Le crépitement des flambeaux résonnait dans l'air, ne couvrant pas la rumeur de nos pas. Cette aile du château aurait dû grouiller de vie, mais il n'y avait pas âme qui vive. Rien ni personne. Je crus discerner un sanglot lointain, me demandant qui donc pouvait ainsi pleurer le souvenir de mon défunt père. Qui donc osait faire étalage de ces sentiments ? Je ne le pouvais pas. Même en cet instant. Parce que quelque part, quelqu'un guettait. Devant nous, une vieille femme aux mains burinées refermait les grandes portes, courbée et chétive. Ses longs cheveux d'un gris tirant sur le blanc formant un voile autour de son visage ridé et marqué par la vie.
— Tria, soufflai-je.
Elle se tourna vers moi et je vis les larmes au coin de ses yeux.

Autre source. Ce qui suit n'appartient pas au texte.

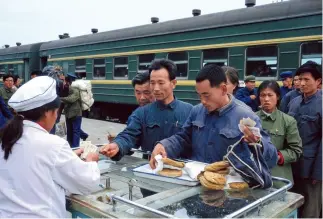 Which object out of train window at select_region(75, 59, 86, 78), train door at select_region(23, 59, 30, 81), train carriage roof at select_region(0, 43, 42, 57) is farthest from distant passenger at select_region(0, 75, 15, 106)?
train carriage roof at select_region(0, 43, 42, 57)

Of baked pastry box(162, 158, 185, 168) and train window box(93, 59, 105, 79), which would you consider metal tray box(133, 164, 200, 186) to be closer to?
baked pastry box(162, 158, 185, 168)

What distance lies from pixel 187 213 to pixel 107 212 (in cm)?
35

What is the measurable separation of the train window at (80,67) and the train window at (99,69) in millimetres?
648

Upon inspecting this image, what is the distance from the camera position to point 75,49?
11867 mm

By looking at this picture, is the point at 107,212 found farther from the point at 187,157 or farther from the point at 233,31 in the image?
the point at 233,31

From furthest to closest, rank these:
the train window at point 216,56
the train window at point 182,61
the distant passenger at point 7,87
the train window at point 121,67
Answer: the train window at point 121,67
the train window at point 182,61
the train window at point 216,56
the distant passenger at point 7,87

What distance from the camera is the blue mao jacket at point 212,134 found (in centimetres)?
200

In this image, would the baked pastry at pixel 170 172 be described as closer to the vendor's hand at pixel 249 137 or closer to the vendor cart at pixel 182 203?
the vendor cart at pixel 182 203

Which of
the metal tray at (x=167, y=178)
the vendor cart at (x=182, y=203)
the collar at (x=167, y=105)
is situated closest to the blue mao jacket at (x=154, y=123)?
the collar at (x=167, y=105)

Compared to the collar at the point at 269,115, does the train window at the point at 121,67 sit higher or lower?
higher

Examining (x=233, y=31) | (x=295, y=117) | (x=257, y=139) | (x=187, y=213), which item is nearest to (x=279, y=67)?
(x=233, y=31)

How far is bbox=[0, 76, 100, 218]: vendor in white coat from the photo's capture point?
1575 millimetres

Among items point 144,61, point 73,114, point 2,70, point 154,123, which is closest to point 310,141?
point 154,123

— C'est arrivé si vite, Votre Grâce. C'est arrivé si... vite.
Elle s'étouffa dans un sanglot incontrôlé et ses jambes ne purent supporter tout ce poids, toute cette détresse.
Elle finit à genoux et je me laissai tomber devant elle, mes doigts saisissant les siens. Froids. Si froids...
— Je suis désolée, oh, je suis si...
Je ramenai son visage contre ma poitrine, étouffant sa peine comme je voulais étouffer la mienne. N'en faire qu'un souvenir.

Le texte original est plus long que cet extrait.